Après des études à la Halifax Grammar School, Joseph Cunard entra au service de la firme de son père dans cette ville. Vers 1820, Joseph et son frère Henry se rendirent à Chatham, Nouveau-Brunswick, sur la rivière Miramichi où ils ouvrirent une succursale de la compagnie familiale, connue sous le nom de Joseph Cunard and Company, dans laquelle son frère Samuel était aussi associé. Ils achetèrent immédiatement un quai et un magasin, et s’intéressèrent bientôt à l’exploitation forestière, au sciage du bois, et à l’expédition de marchandises sur la rive sud de la rivière.

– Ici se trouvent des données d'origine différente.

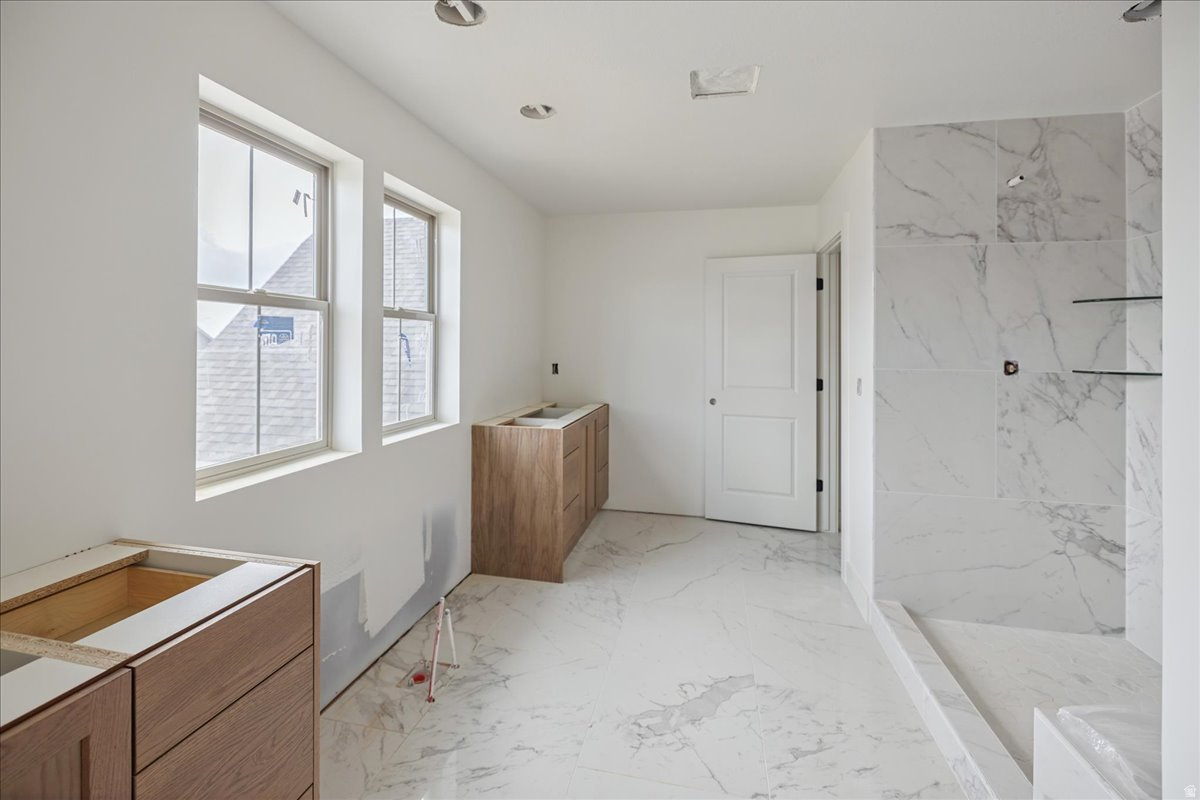 DAYBREAK - Residential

En 1832, Joseph Cunard était considéré comme l’un des marchands les plus riches et les plus influents de la province. À Chatham, sa compagnie possédait plusieurs scieries, y compris un gros moulin à vapeur qui commença à fonctionner en 1836 et sciait quotidiennement 40 000 pieds de bois de construction. Dans la même ville, la compagnie avait aussi une briqueterie, plusieurs magasins, un bureau de comptabilité qui employait 30 personnes et au moins deux chantiers de construction. On construisit des scieries plus bas sur la rivière et on ouvrit un magasin à Shippagan. En 1830, la compagnie ouvrit des magasins à Kouchibouguac et à Richibouctou dans le comté de Kent, et, en 1841, William Raymond pouvait rapporter que les transactions qu’il avait conclues avec Cunard à Kouchibouguac totalisaient £100 000 et que Cunard avait payé environ le tiers de cette somme en navires. Les activités de Cunard dans le comté de Kent firent de Richibouctou, pendant une brève période, le troisième plus important port d’embarquement du Nouveau-Brunswick. En 1831, la compagnie acheta des magasins, des maisons et d’autres immeubles à Bathurst et commença, l’année suivante, à expédier du bois. L’exportation de bois à partir de Bathurst s’éleva de 1 300 tonnes en 1829 à 26 500 tonnes en 1833.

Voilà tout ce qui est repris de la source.